I think if there is a chance that he will want to go to University, then a wide range of 'strong' subjects so he has a good profile i.e a science subject, a humanity subject (history rather than sociology). etc so he is quite rounded? I remember I filled in a questionnaire that pointed me to subjects I would enjoy, does the school not have a careers office for this sort of thing.

Dyslexia support is usually much better at college level and different colleges will have greater degrees of experience in supporting students, so I think you need to investigate that.

If he starts college and hates his subjects he can swap them either early on, or in the next year. If an apprenticeship is his thing I think there is support for this into your 20s so there is plenty of opportunity to find out what he wants to do.

Part of me thinks I should have just trained to be an electrician wink

Theas18 Tue 04-Oct-11 09:38:42

My kids don't know either!

DD1 has just started a history degree

DS is looking at AS/A2 choices and doesn't know....
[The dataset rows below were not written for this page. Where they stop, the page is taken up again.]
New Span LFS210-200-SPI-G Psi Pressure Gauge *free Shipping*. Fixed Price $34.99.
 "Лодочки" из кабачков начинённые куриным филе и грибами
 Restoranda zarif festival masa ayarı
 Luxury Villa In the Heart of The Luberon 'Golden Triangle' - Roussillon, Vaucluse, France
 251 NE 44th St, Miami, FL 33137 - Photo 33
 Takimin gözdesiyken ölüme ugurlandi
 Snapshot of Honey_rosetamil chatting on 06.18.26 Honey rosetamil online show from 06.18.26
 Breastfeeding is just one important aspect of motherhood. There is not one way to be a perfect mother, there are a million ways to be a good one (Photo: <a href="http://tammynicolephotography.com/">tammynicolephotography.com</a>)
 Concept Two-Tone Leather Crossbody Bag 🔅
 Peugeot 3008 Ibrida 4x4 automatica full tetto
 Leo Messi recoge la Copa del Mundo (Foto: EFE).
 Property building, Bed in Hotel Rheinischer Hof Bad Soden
I followed a very vocationally orientated path so knew exactly where I ws going. to not know is alien to me.

DH took a degree think it'd be "useful" if hasn't been and he should have done something he'd enjoyed more.

We've just told the kids to do what you love- what fires you up to study- get a great degree and take it from there.

Colliewollydoodle Tue 04-Oct-11 12:36:52

Oh all such good advice ! Thankyou.

tinkgirl Tue 04-Oct-11 20:18:47

quite often they don't know what they want to do but they do know what they don't want to do. Sounds a bit hmm but trust me on this - get a list of jobs (probably find one on internet somewhere) and print it off, then get him to read through it and cross off the ones which he knows (gut reaction) that he doesn't want to do, the important bit here is gut reaction, don't analyse it. then simply have a look at what he has left on the list. It won't be a 'OMG why did we not think of this before' moment but what's left will probably have some sort of theme linking through them i.e. all office based, outdoor, working with IT etc. This might help him to focus on what subjects to take at college.

This is a very low tech thing which you can do at home but if you want a more professional approach then get an appointment with your local connexions / careers office. There are IT programmes which he can complete with them which are a bit more high tech.

bradbourne Tue 04-Oct-11 20:26:00

What sort of things (if any) was your son interested in a year or two ago?
I remember reading somewher that it is quite common for people's "ideal jobs" they think about when they are older to reflect the sort of thing they thought about at around 13/14.

gingeroots Tue 04-Oct-11 20:27:04

Wow - loving that approach tinkgirl ,what a great idea .
( and FWIW ,not much I know ,but I'm an ex careers advisor ).

tinkgirl Tue 04-Oct-11 20:45:36

gingeroots thank you very much <twirls> I am a current careers advisor. I think it just helps to narrow down the search when it seems overwhelming.